* About this exercise:
Starting at the line that contains "Navigating the Chattahoochee: Is", write out every line through the end of the records below exactly as it appears, and leave out all pictures.
====== Entries provided ======
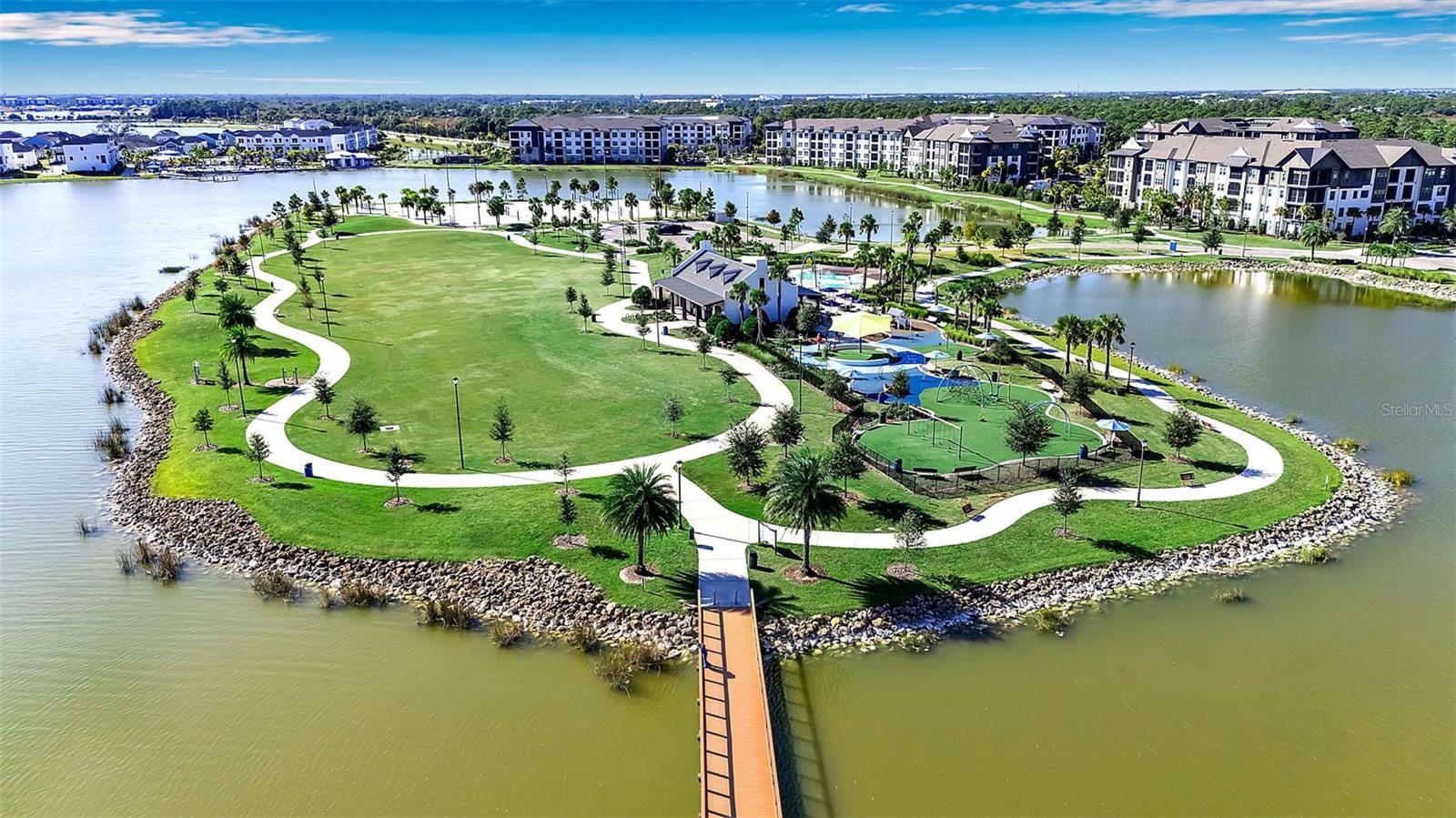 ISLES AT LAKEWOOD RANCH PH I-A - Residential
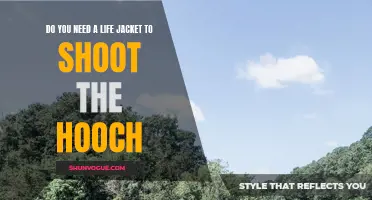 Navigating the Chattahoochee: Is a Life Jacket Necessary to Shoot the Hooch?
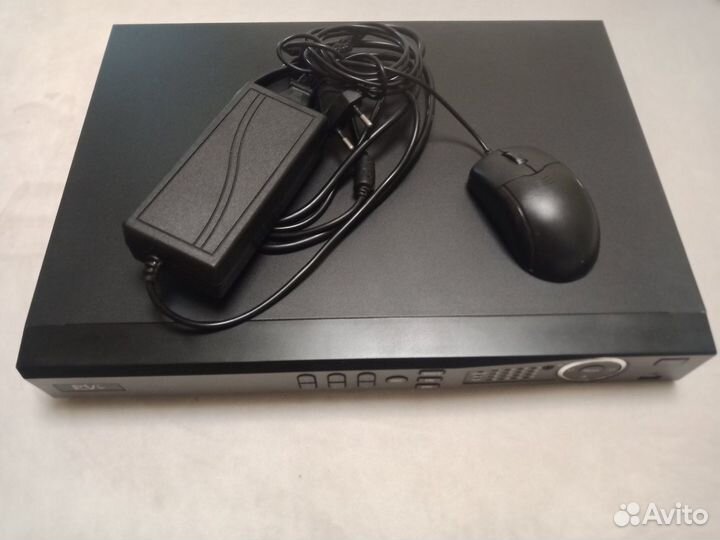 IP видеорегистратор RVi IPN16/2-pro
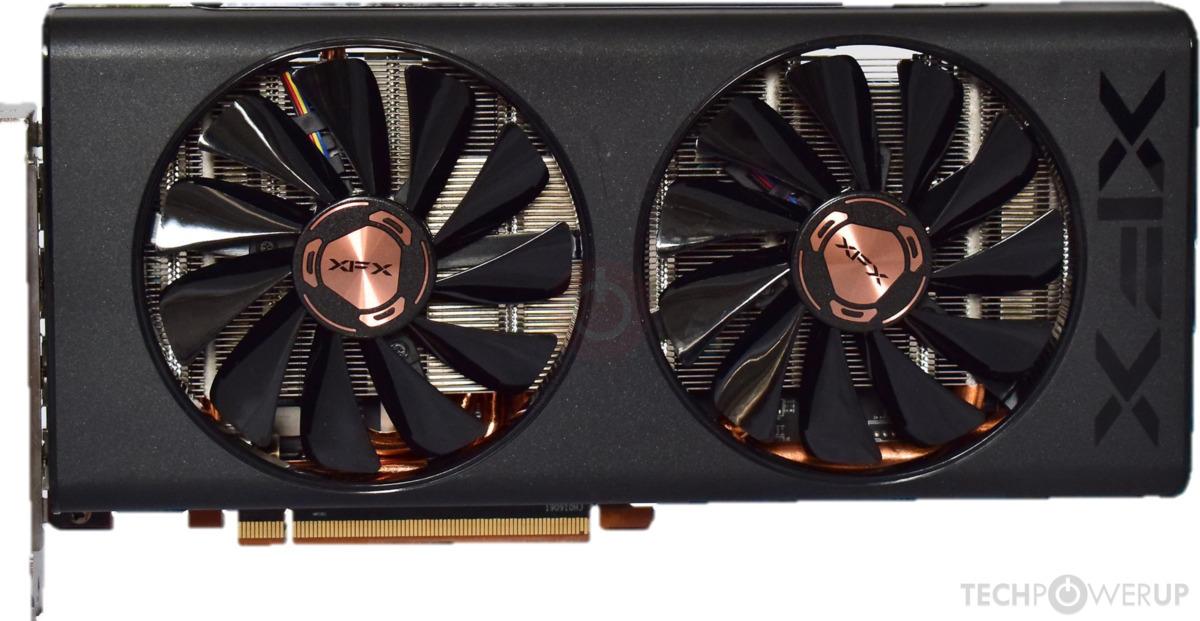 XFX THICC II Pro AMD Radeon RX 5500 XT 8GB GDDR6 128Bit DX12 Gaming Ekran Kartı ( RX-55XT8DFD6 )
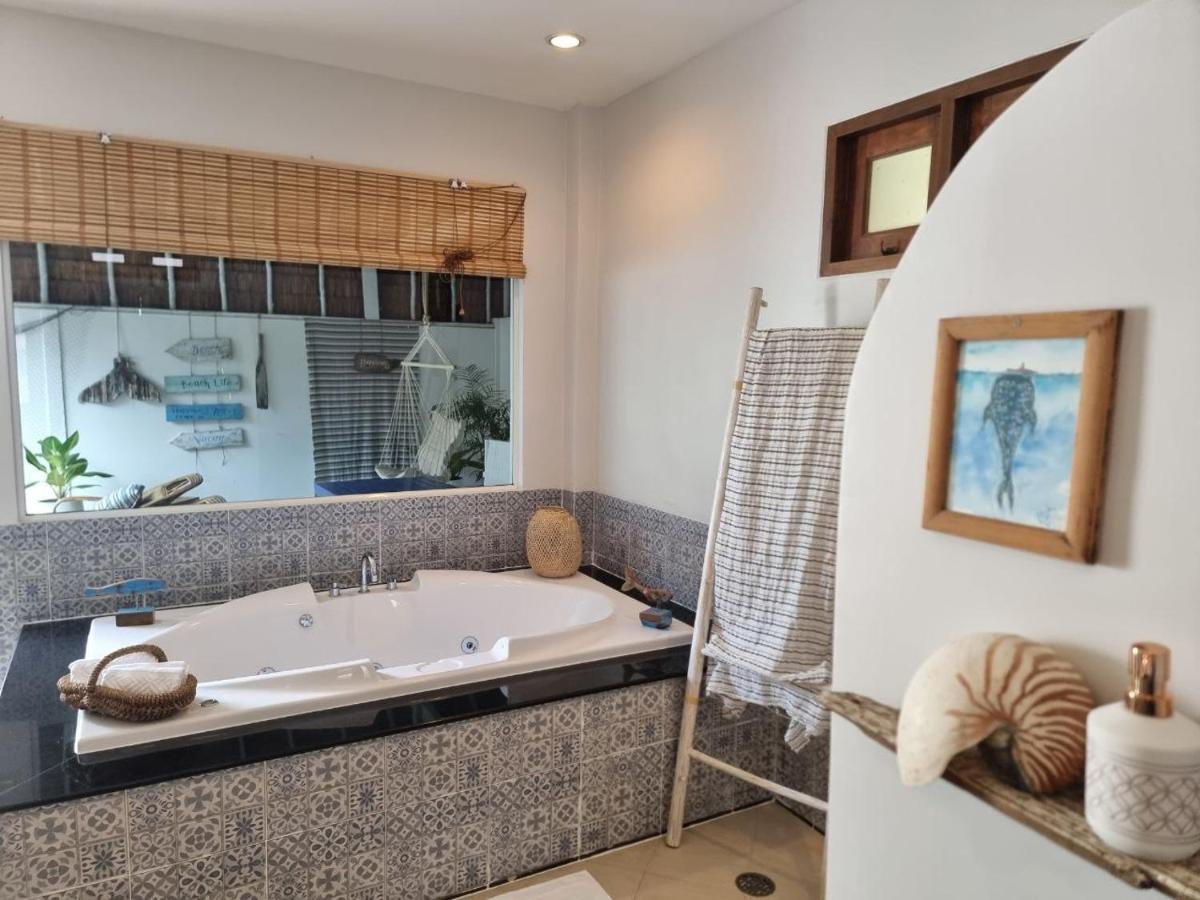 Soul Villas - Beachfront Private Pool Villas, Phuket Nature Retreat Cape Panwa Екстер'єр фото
======
* Solution:
 Navigating the Chattahoochee: Is a Life Jacket Necessary to Shoot the Hooch?
 IP видеорегистратор RVi IPN16/2-pro
 XFX THICC II Pro AMD Radeon RX 5500 XT 8GB GDDR6 128Bit DX12 Gaming Ekran Kartı ( RX-55XT8DFD6 )
 Soul Villas - Beachfront Private Pool Villas, Phuket Nature Retreat Cape Panwa Екстер'єр фото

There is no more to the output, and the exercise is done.